Always ask permission
Just because a customer said some nice things about your brand doesn’t mean you automatically have the right to reproduce it in your printed media. Always ask if you can use a statement as a testimonial and have the speaker sign a statement giving you permission to use what they said in your advertising.
Never post a testimonial without asking permission. Not only could it lead to legal issues, you’ll also damage your brand’s reputation. You should also never attribute words to a customer if they’re not what the person actually said. Request the speaker’s approval of the final draft before it’s printed just in case you had to make any small edits for clarity.
Ask people who reflect your target audience
The people you use in your testimonials should reflect the target audience you want to reach with your printed materials. For example, if your product is intended for mothers, you’d want to use testimonials from other mothers.
Testimonials work best when the audience can relate to the person giving them as closely as possible.
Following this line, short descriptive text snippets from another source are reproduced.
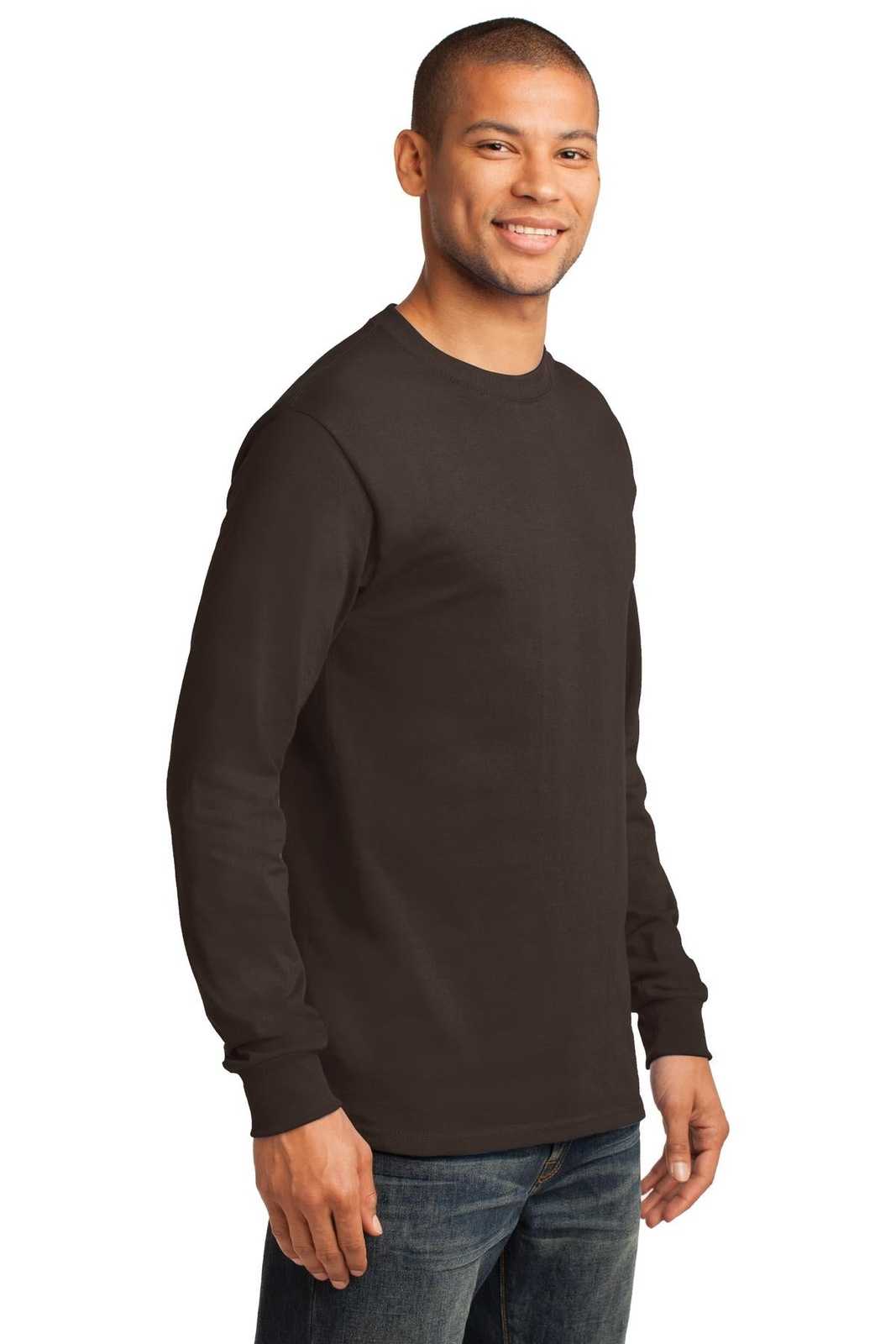 Port &amp; Company PC61LST Tall Long Sleeve Essential Tee - Dark Chocolate Brown - HIT a Double - 4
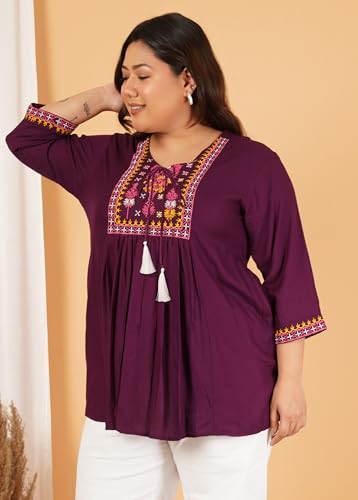 Image of Indietoga Women's Plus Size Viscose Rayon Embroidered Regular Fit Tops (2XL to 7XL)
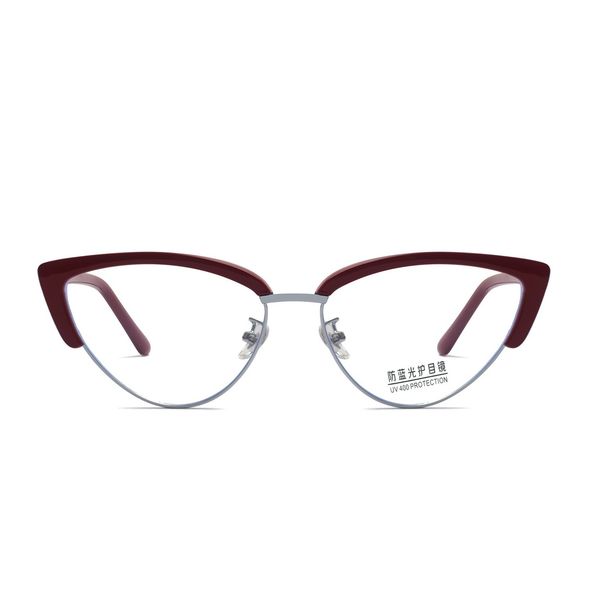 

2023 anti-blue glasses frame new metal retro cat eye fashion eyebrows for men women male female the united states of america usa botern, Silver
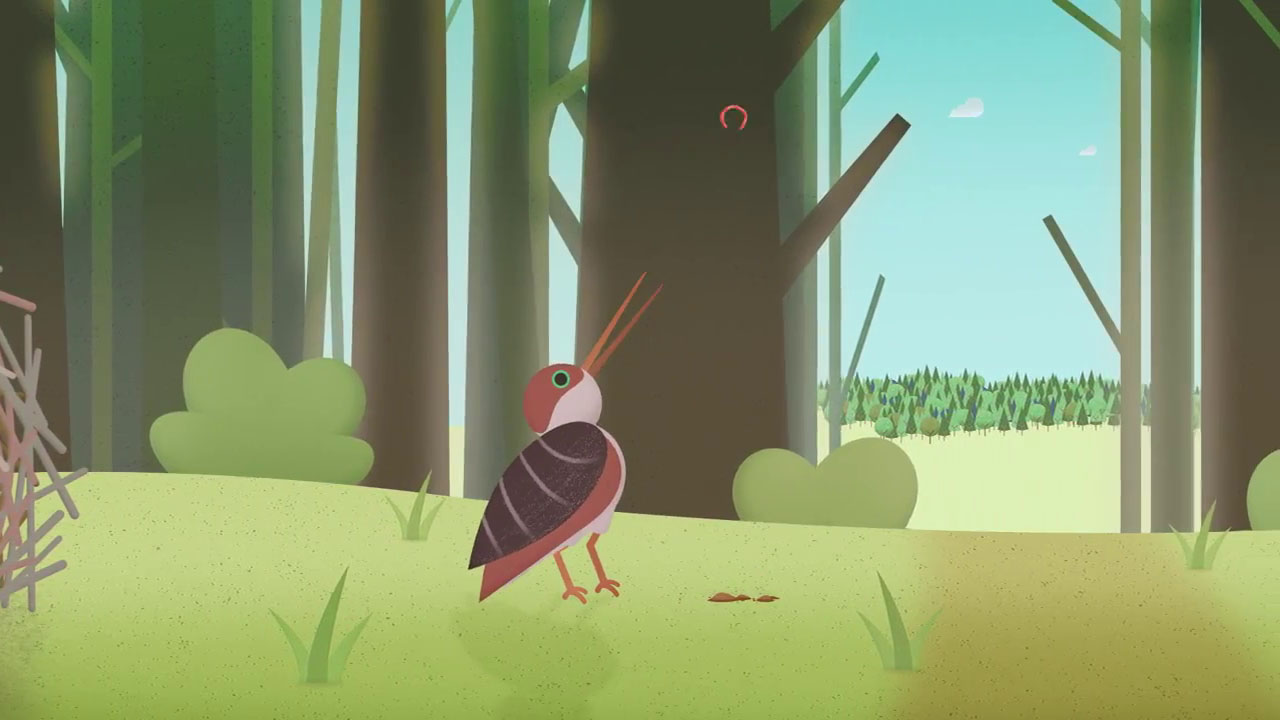 Ausschnitt aus der BUND & NABU BW Windenergie Animation - Vogel wirft Wurm in die Luft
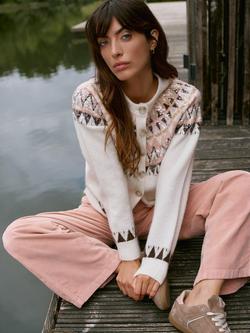 Mint Velvet Fair Isle Sequin Cardigan, Ivory/Multi - view 2, Ivory/Multi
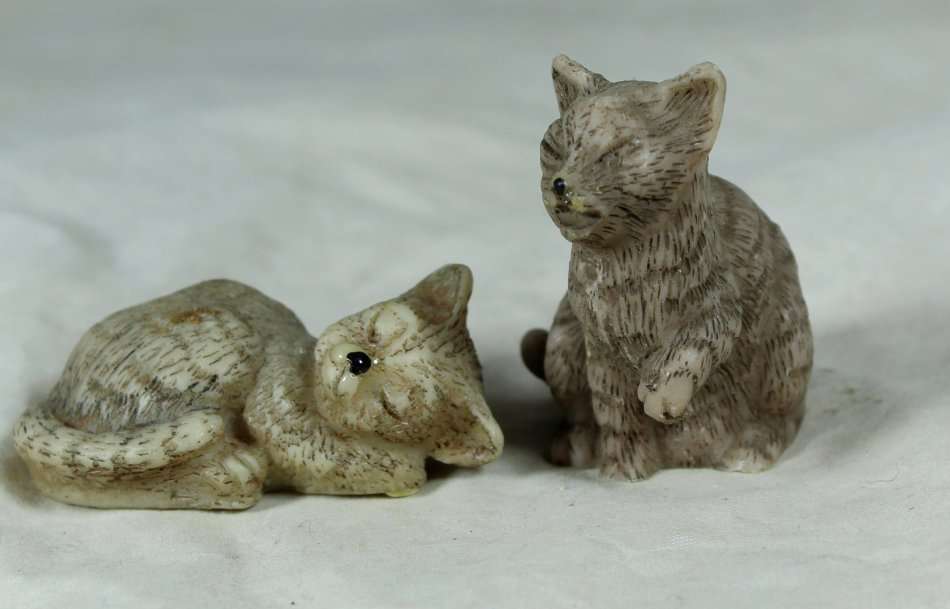 Miniature - Pair of Feral Cats - Beautiful !!!! - Bid Now!!!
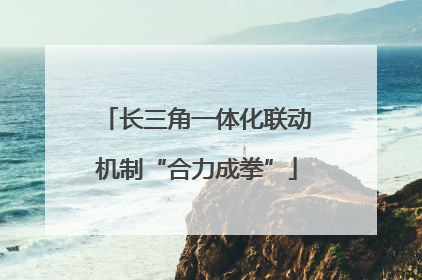 长三角一体化联动机制“合力成拳”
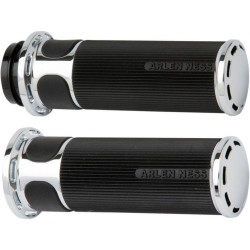 PartzBiz HD AN07-302 - Arlen Ness Fusion Chrome Slot Track Hand Grips Harley Throttle By Wire Models | 07-302 PartzBiz HD AN07-302 - Arlen Ness Fusion Chrome Slot Track Hand Grips Harley Throttle By Wire Models | 07-302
This may mean being more specific; for example, first time mothers are a much different audience than mothers of teenagers.
Some clients would love to give a testimonial but don’t know what to say. In this case you can ask them to take a questionnaire or you can give them some suggestions and examples regarding what they might talk about.
However, you want to avoid putting words in the customer’s mouth and situations where the customer wants you to write the testimonial for them. Again, this won’t be in their own authentic voice, so the testimonials will not be as effective. Instead, you can give your customers a basic idea of what to say, but ask that they put it in their own words.
Sometimes testimonials come to you when you least expect them
Every once in a while, a powerful endorsement may fall conveniently into your lap. You might have a customer or client who is excited about your brand and voluntarily offers praise.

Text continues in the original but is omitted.